Confirmation of a Coordinated Attack on the Ukrainian Power Grid

SANS ICS

This post was written by Michael J. Assante, SANS ICS Director:

After analyzing the information that has been made available by affected power companies, researchers, and the media it is clear that cyber attacks were directly responsible for power outages in Ukraine. The SANS ICS team has been coordinating ongoing discussions and providing analysis across multiple international community members and companies. We assess with high confidence based on company statements, media reports, and first-hand analysis that the incident was due to a coordinated intentional attack.

The attackers demonstrated planning, coordination, and the ability to use malware and possible direct remote access to blind system dispatchers, cause undesirable state changes to the distribution electricity infrastructure, and attempt to delay the restoration by wiping SCADA servers after they caused the outage. This attack consisted of at least three components: the malware, a denial of service to the phone systems, and the missing piece of evidence of the final cause of the impact. Current evidence and analysis indicates that the missing component was direct interaction from the adversary and not the work of malware. Or in other words, the attack was enabled via malware but consisted of at least three distinct efforts.

The Multiple Elements
The cyber attack was comprised of multiple elements which included denial of view to system dispatchers and attempts to deny customer calls that would have reported the power out. We assess with high confidence that there were coordinated attacks against multiple regional distribution power companies. Some of these companies have been reported by media to include specifically named utilities such as Prykarpattyaoblenergo and Kyivoblenergo. The exact timeline for which utilities were affected and their ordering is still unclear and is currently being analyzed. What we do know is that Kyivoblenergo provided public updates to customers, shown below, indicating there was an unauthorized intrusion (from 15:30 ? 16:30L) that disconnected 7 substations (110 kV) and 23 (35 kV) substations leading to an outage for 80,000 customers.

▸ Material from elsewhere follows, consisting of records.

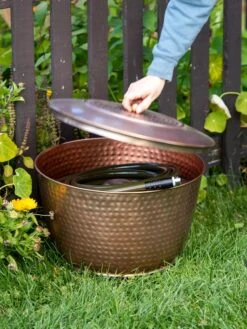 Hammered Copper Hose Pot With Lid -Garden Care Supplies 8613311 0010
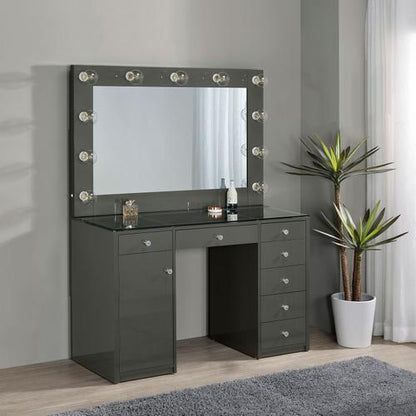 Acena 7-drawer Vanity Set With Lighting Grey High Gloss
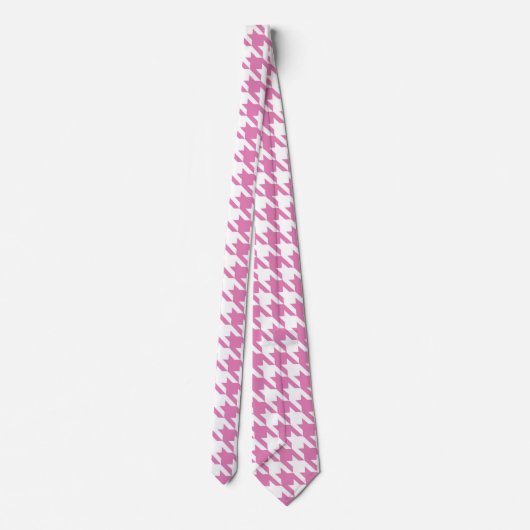 Roze & Witte Houndstooth stropdas (Achterkant)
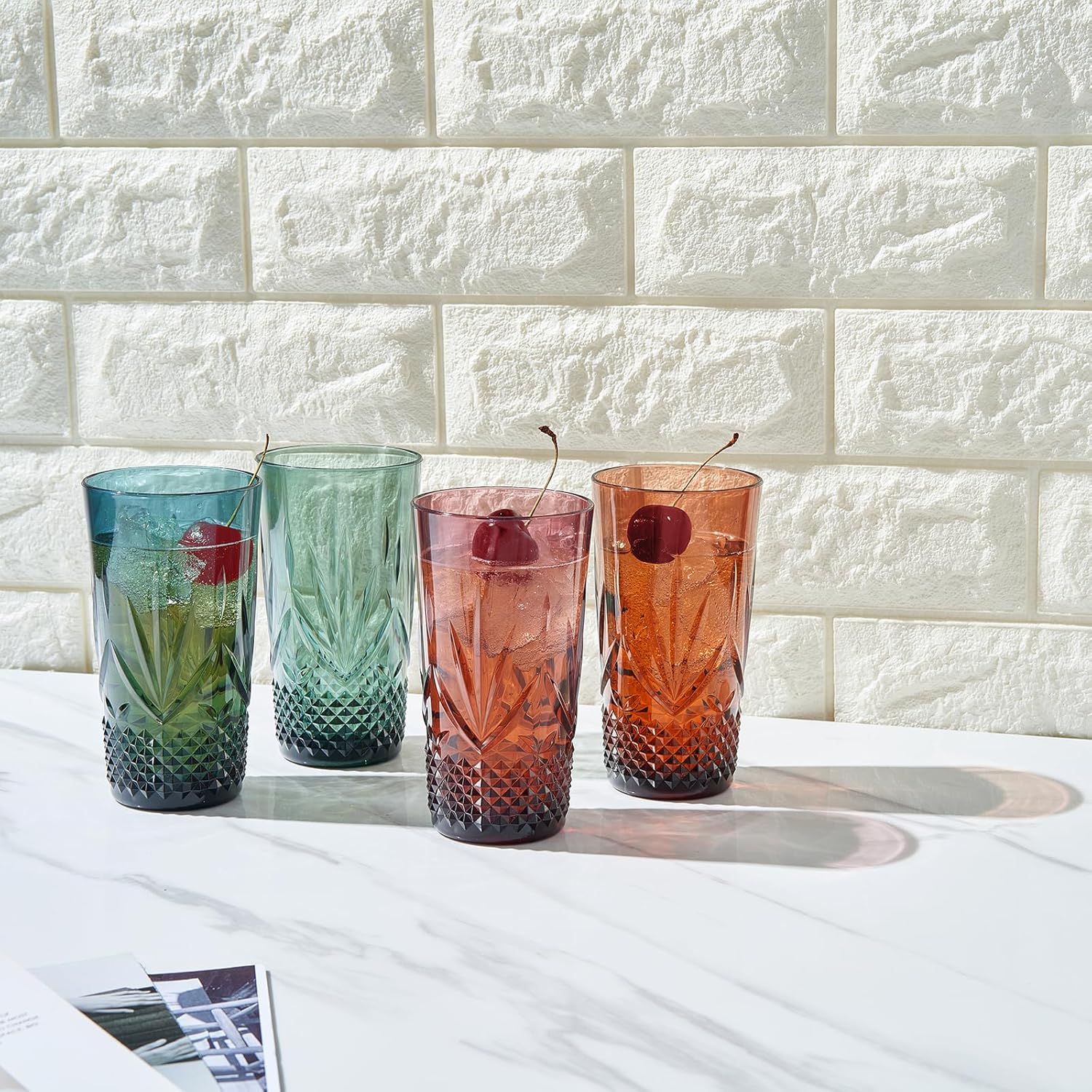 Vasos grandes de plástico Highball para beber, inastillables y reutilizables, acrílico pastel  Juego de 4  Vasos de cristal similar a Tritan, aptos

Screen Shot 2016-01-06 at 10.12.55 PM

The key significance here is that 80,000 customers comprise a significant portion of their residential load. Power was restored to all customers by (18:56L). They also reported technical failures with their call line interfering with receiving customer's calls as shown below.

Screen Shot 2016-01-06 at 10.13.20 PM

Quick action by utility staff to switch to "manual mode" and restore the system was impressive. Statements from utility staff to local media indicated the distribution system was being run without the benefit of their SCADA as it was still infected. Field staff at the impacted power companies manned required substations, transferring from "automatic to manual mode", and manually re-closed breakers to energize the system. Restoration varied but all services were restored in 3-6 hours. It is important to note that there are risks operating your system without the benefit of an automated dispatch control center and utilities that are more reliant on automation may not be able to restore large portions of their system this way. In many ways, the Ukrainian operators should be commended for their diligence and restoration efforts.

Cyber Attack Milestones as Reported To Date:
From what has been reported, here is the information to date that we are confident took place. The exact timing of the events is still being pieced together.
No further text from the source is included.